Startup Grind Winston-Salem hosts Andy Dreyfuss (Venn Capital)
Andy Dreyfuss (Angel Investor and Partner with Venn Capital) didn’t see himself becoming an investor after he graduated from Santa Clara University with a degree in Economics. In fact, Andy spent many years employed at some well-known organizations (Apple, SAP, Coca-Cola) before finding his niche as a successful investor.
Motivated by Atlanta traffic, Andy and his family moved to Winston-Salem in 2002, where he took on the position of Director of the Career Management for the Babcock Graduate School of Management at Wake Forest University. In this position, Andy worked directly with the students, most of whom had dropped out of the workforce in order to explore other opportunities. “You were a Honda, you want to be an Acura. We can do that, but we have very little time.” It was in this role that Andy first learned of the Piedmont Angel Network (PAN).

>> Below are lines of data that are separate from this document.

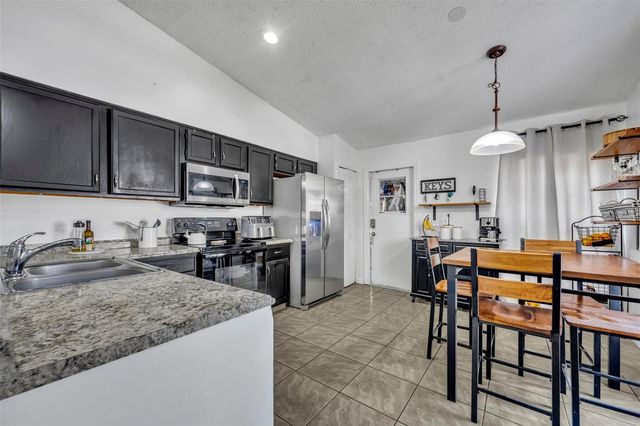 1831 SUMMIT CHASE AVENUE, Apopka, FL 32703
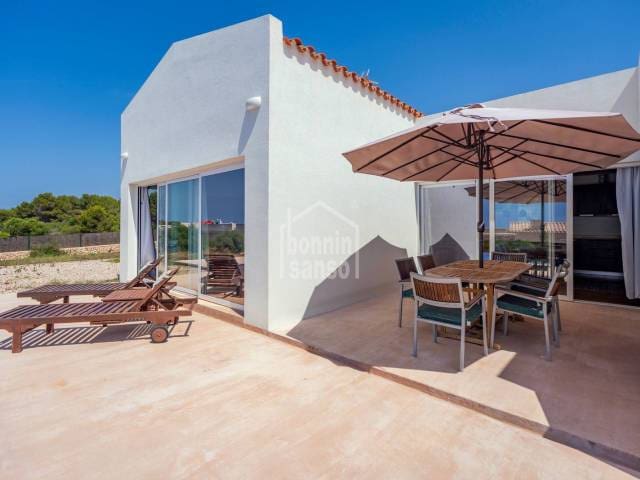 3 soverom Villa til salgs i San Luis / Sant Lluís med svømmebasseng - € 1 190 000 (Ref: 9074600)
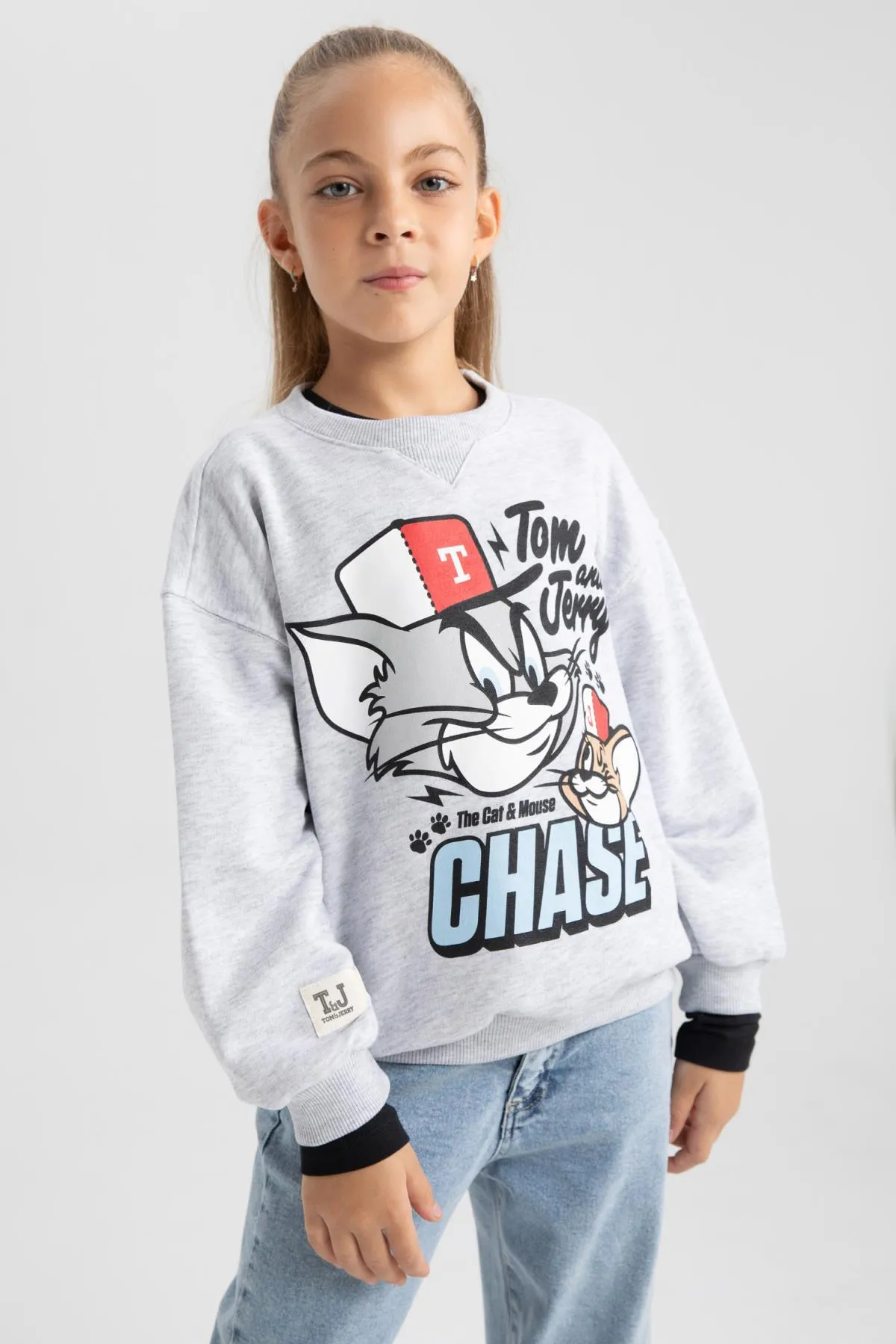 DeFacto  Mädchen-Sweatshirt mit normaler Passform und Rundhalsausschnitt von Tom & Jerry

“The whole premise of getting involved in something early and seeing it grow and hopefully adding value along the way, and if it all works out, there’s a very healthy return.”
Andy speaks very highly of his experience with the Piedmont Angel Network and Venn Capital, which sound similar, but are actually very different entities. Angel groups are a network around the country. “Credited investors get together and pay some dues, and that gives them the right to come to meeting and invest in your startup,” said Andy. “Not the obligation, but the right. It’s easy to get people in the room, it’s not necessarily easy to get them to invest.” Capital funds are different. They go out and solicit investors up front for the money, and then the group votes on where that capital goes.
So what advice does Andy have for an aspiring entrepreneur who’s hoping to present in front of one of these types of investor groups? “The investors want to see the problem statement and the solution, the customers, the business model wrapped around the problem, solution, customers. They want to understand your financial needs, and how long it will take, and what their exit strategy is. And who will buy their business? Investors only get paid if someone buys out their shares.”